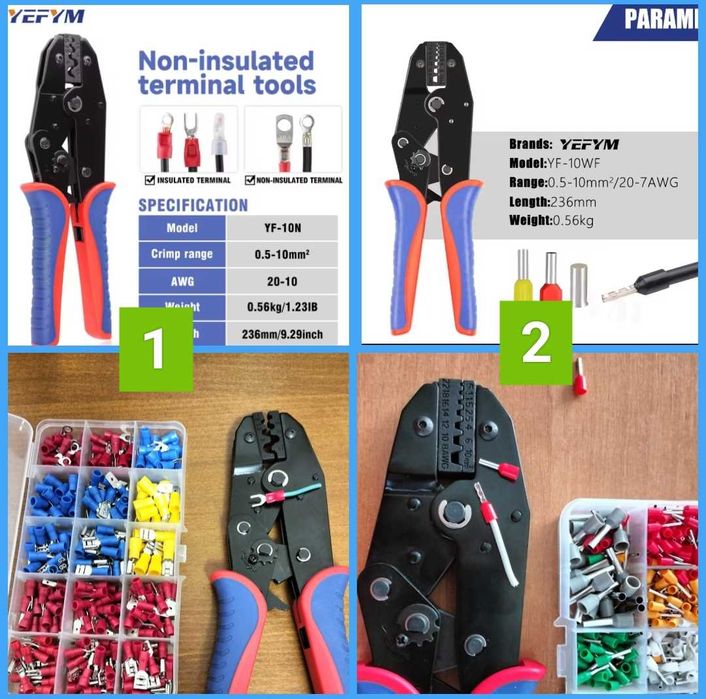 Кримпер Обжимные клещи + Набор наконечников, клемм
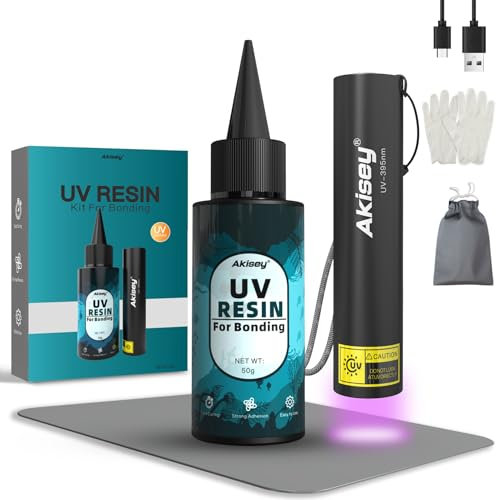 akisey UV Resin Kit with Light, 50g UV Resin with Rechargeable 395NM UV Flashlight, Fast Curing in Seconds, UV Glue Adhesive for Bonding Jewelry, Plastic, Glass Repair, w/Mat, Gloves, Storage Bag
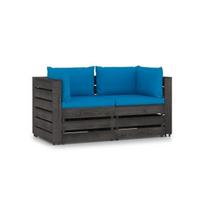 Dvivietė sodo sofa su pagalvėlėmis, pilkai impregnuota mediena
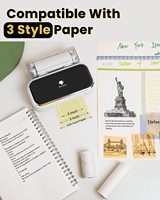 Phomemo M03 Printer Saku Mini Portabel Tanpa Tinta Thermal 203dpi 53mm Nirkabel USB untuk Foto Stiker Catatan Sekolah Belajar Kerja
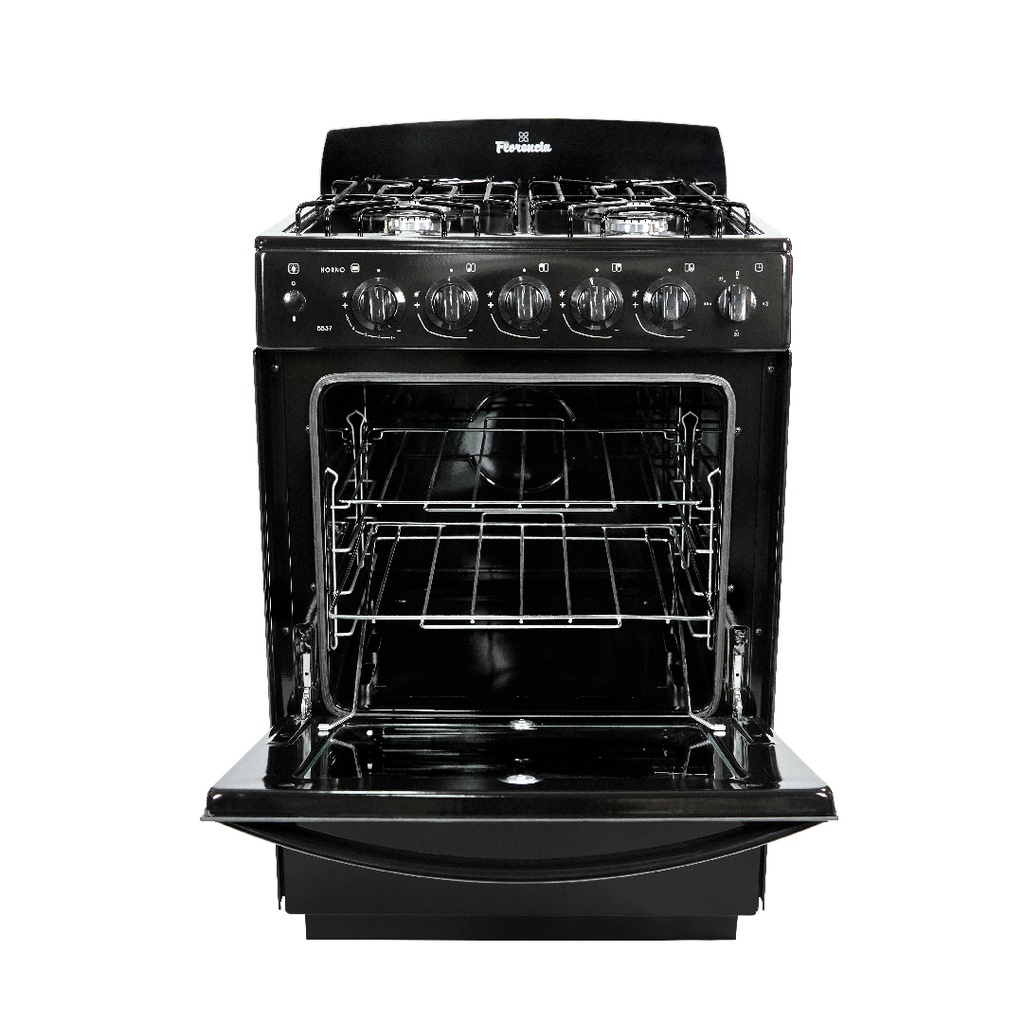 COCINA A GAS 5537 NEGRA 56CM VAL/SEG ENCENDIDO ELECTRICO Y LUZ HORNALLAS Y HORNO EASY CLEAN CAJON PARRILLA REBATIBLE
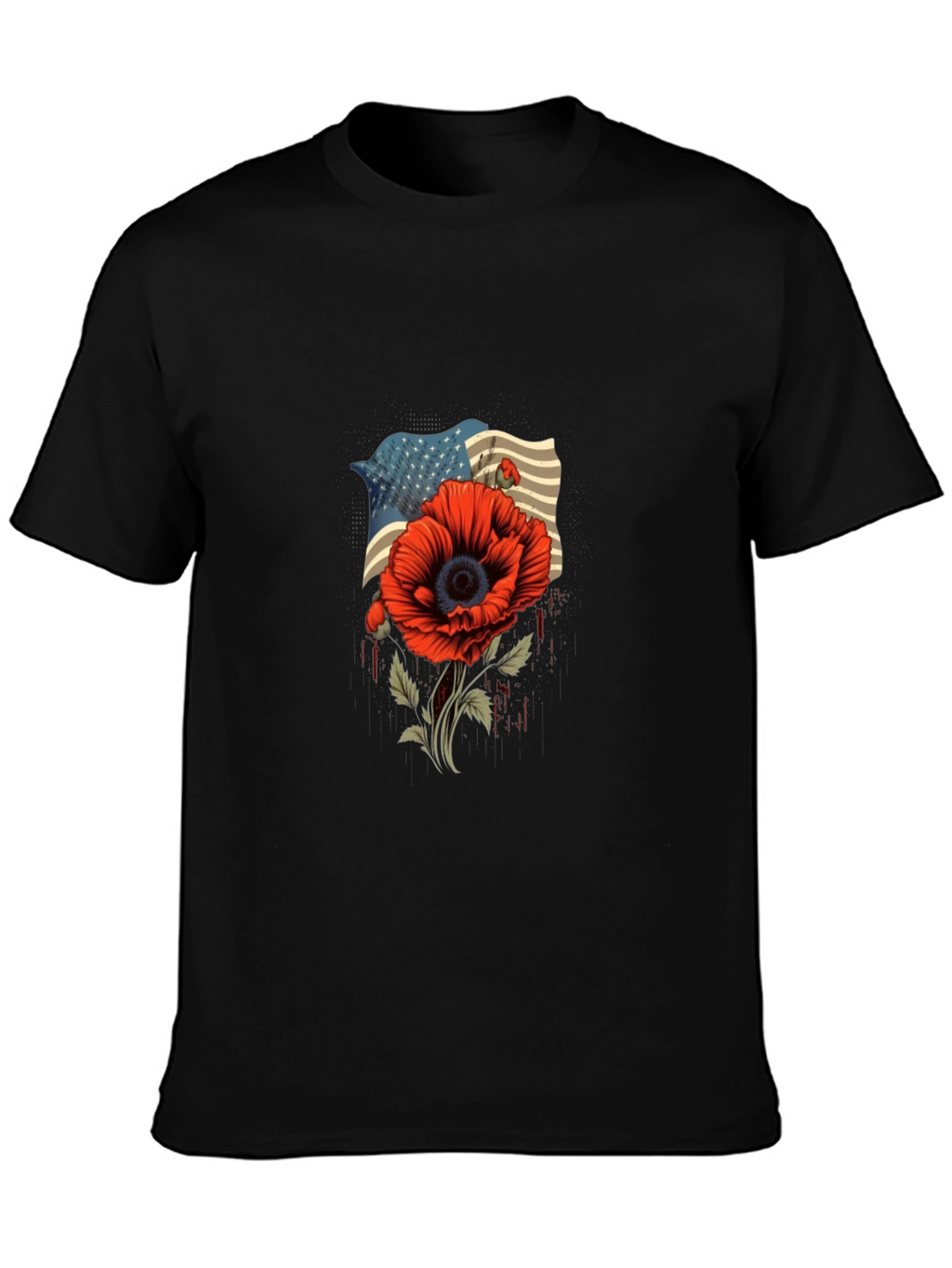 American Flag Poppy Graphic T-Shirt - Patriotic Style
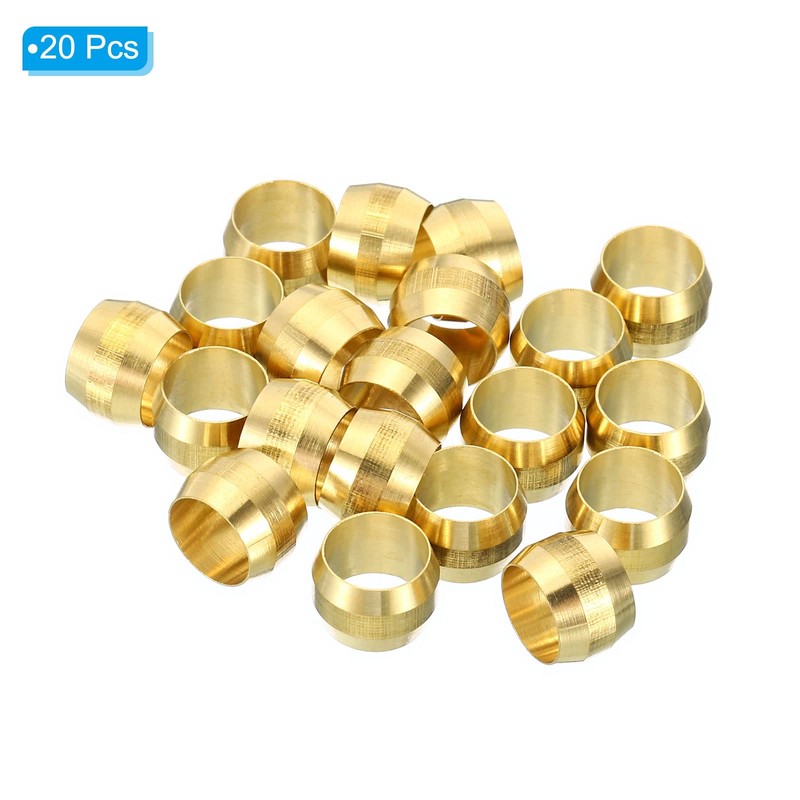 PATIKIL 20pcs 8mm Tube OD Brass Compression Sleeve Ferrules 8mm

#####

What you need to do: The required result is the entries above, printed exactly from the first line through the line with "Dvivietė sodo sofa", pictures excluded.

Response to this task:
 Кримпер Обжимные клещи + Набор наконечников, клемм
 akisey UV Resin Kit with Light, 50g UV Resin with Rechargeable 395NM UV Flashlight, Fast Curing in Seconds, UV Glue Adhesive for Bonding Jewelry, Plastic, Glass Repair, w/Mat, Gloves, Storage Bag
 Dvivietė sodo sofa su pagalvėlėmis, pilkai impregnuota mediena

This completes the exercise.